Yes there is such thing as luck in chess. If you see the best move then yes. If you are too blind to see the best move, then blame your luck.
"Seeing the best move" or not is the very definition of skill (or lack thereof), not luck. Being "too blind" = lack of skill. Any decision made that has an element of skill in terms of game design is a skill-based endeavor, and a lack of skill or an element of uncertainty due to lack of knowledge is not luck. Uncertain outcomes do not just translate to "luck". Making guesses and getting an uncertain outcome from one of both players' decisions is an expression of their skill levels and to the degree that they fail, that displays a lack of skill, not some perception of "luck" rushing in to fill some void. If you make a guess in Trivial Pursuit on the question "What French leader ended his life on Saint Helena?" and you guess "Napoleon" rather than "Louis the XIV" because they are the only two you remember, that is skill, knowing the two leaders in the first place is an expression of skill (knowledge), and having some vague notion that Louis the XIV probably did not die in exile on an island is an expression of skill. Even if you "randomly" guess between the two and cannot articulate why, it is not actually random, your intuition has a basis, unless you actually flip a coin and introduce a randomized element.
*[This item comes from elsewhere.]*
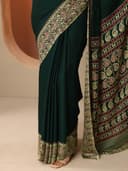 Libas Solid Satin Saree With Unstitched Blouse Piece 5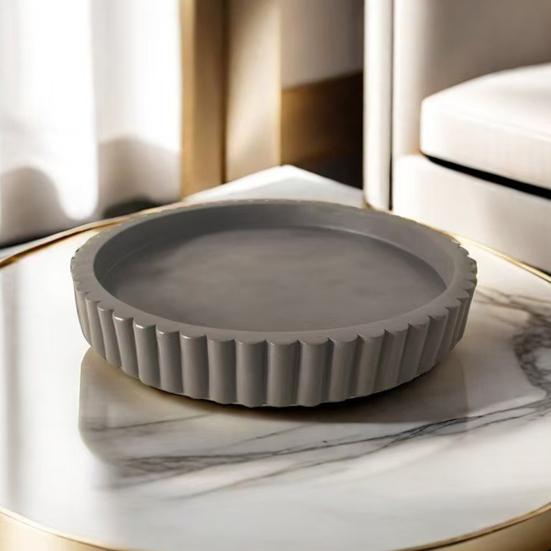 Round Rectangle Decorative Tray Multi-purpose Jewelry Trinket Holder Organizer Storage Serving Tray Living Room Kitchen Counter Coffee Centerpiece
The idea of luck you are talking about is the broadest definition, and is subjective. In game design, subjective perception of luck in not useful. Only completely randomized game elements are "luck", within the construct of a game's design and function. Luck that you experience externally (like eating a bad burrito, or getting a bad pairing in a tournament...tournaments rules also not being a part of chess, but added on top) in not luck *in* the game of chess you are playing.
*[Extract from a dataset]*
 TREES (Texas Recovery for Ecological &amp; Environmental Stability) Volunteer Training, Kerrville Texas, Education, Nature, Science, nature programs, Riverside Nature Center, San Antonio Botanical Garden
Of course, this is an interpretation, but the difference is that one side's interpretation is based on some smattering of actuarial sciences/statistics, and the other is based on college level game design courses from Wharton and UCSCE.
Try Puzzle battle and you will see whether luck is dependable or not.
I notice you are still unable to directly answer the question
I won't explain why water is wet to you, either. This oft-used science-denier style of tactic, i.e. asking pedantic questions repeatedly and then claiming that someone must know they are wrong if they do not spend an order of magnitude more time explaining the obvious back to you, is disingenuous.
If this is all you've got, then we're at an impasse. Oh wait, the impasse is the same one that already existed when you bumped the thread...
There's nothing here now that was not already hashed out to the Nth degree in the previous 200 pages.